Precise asymptotics of reweighted least-squares algorithms for linear diagonal networks
Chiraag Kaushik, Justin Romberg, Vidya Muthukumar
TL;DR
This work develops a precise high-dimensional asymptotic theory for batched, Hadamard-parameterized reweighted least-squares algorithms applied to linear diagonal networks. It uses the Convex Gaussian Min-Max Theorem to characterize the distribution of iterates, establishing a scalar recursion that yields the limiting joint law of the iterates and enabling exact predictions of iteration-wise test error. The framework subsumes alternating minimization, reparameterized IRLS, and lin-RFM, and extends to grouped sparsity, showing that group-aware reweighting aligns learning with the underlying structure and improves error scaling with the number of nonzero groups. These results offer a powerful, predictive tool for comparing LDNN-associated algorithms and demonstrate tangible benefits from exploiting structured sparsity in high dimensions.
Abstract
The classical iteratively reweighted least-squares (IRLS) algorithm aims to recover an unknown signal from linear measurements by performing a sequence of weighted least squares problems, where the weights are recursively updated at each step. Varieties of this algorithm have been shown to achieve favorable empirical performance and theoretical guarantees for sparse recovery and $\ell_p$-norm minimization. Recently, some preliminary connections have also been made between IRLS and certain types of non-convex linear neural network architectures that are observed to exploit low-dimensional structure in high-dimensional linear models.
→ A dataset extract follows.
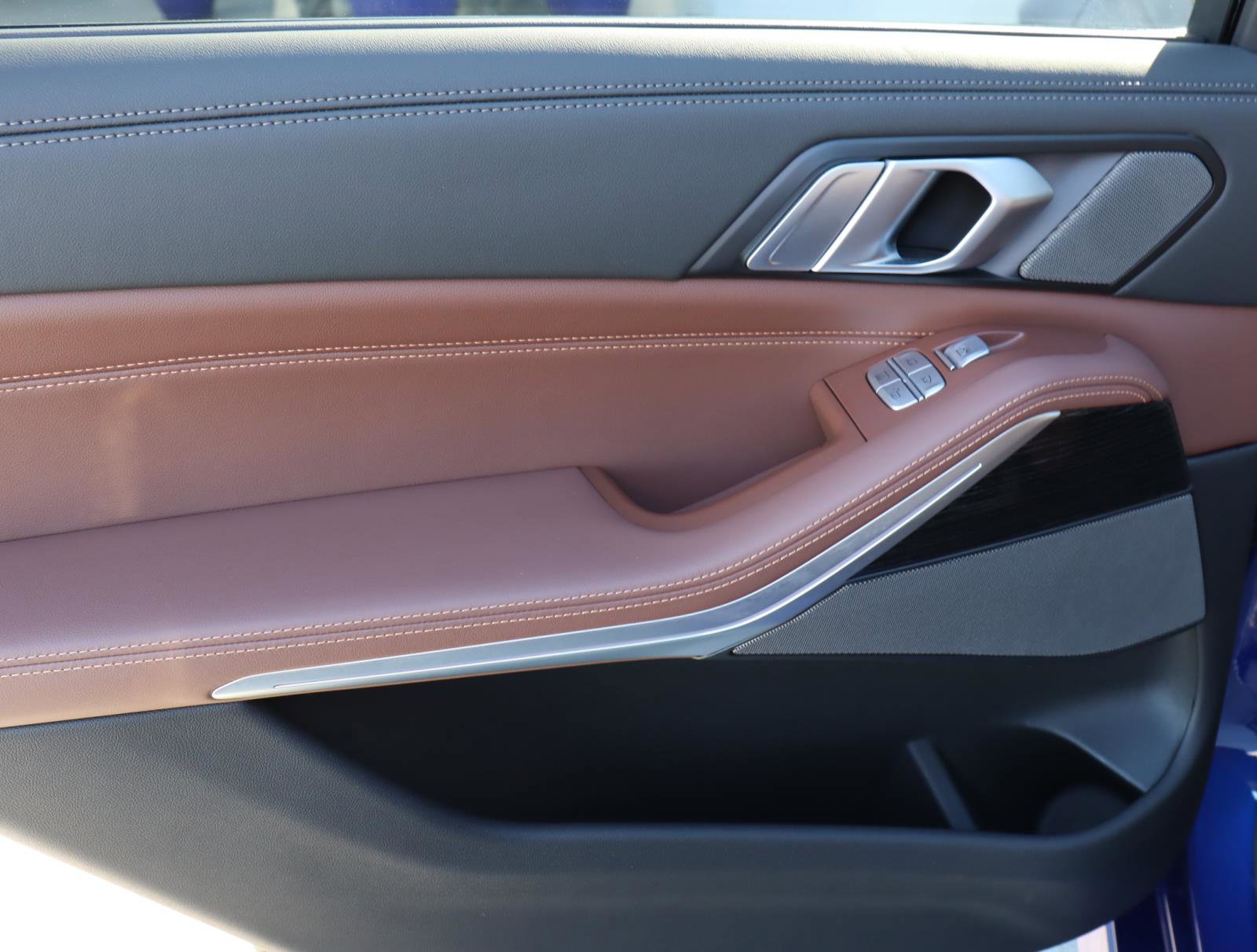 Used 2025 BMW X7 M60i w/ Executive Package image 13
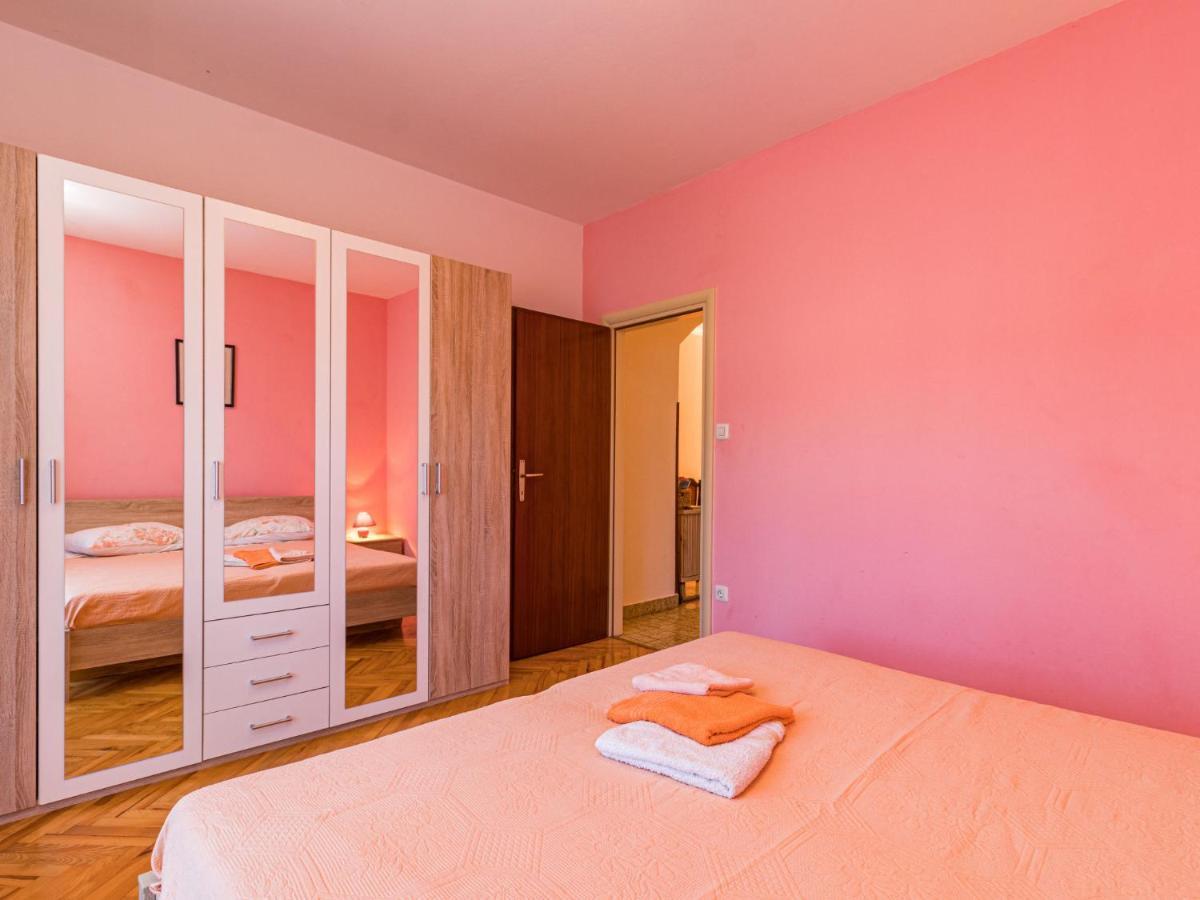Holiday Home Larisa - Ipc141 By Interhome Pican Bagian luar foto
In this work, we provide a unified asymptotic analysis for a family of algorithms that encompasses IRLS, the recently proposed lin-RFM algorithm (which was motivated by feature learning in neural networks), and the alternating minimization algorithm on linear diagonal neural networks. Our analysis operates in a "batched" setting with i.i.d. Gaussian covariates and shows that, with appropriately chosen reweighting policy, the algorithm can achieve favorable performance in only a handful of iterations. We also extend our results to the case of group-sparse recovery and show that leveraging this structure in the reweighting scheme provably improves test error compared to coordinate-wise reweighting.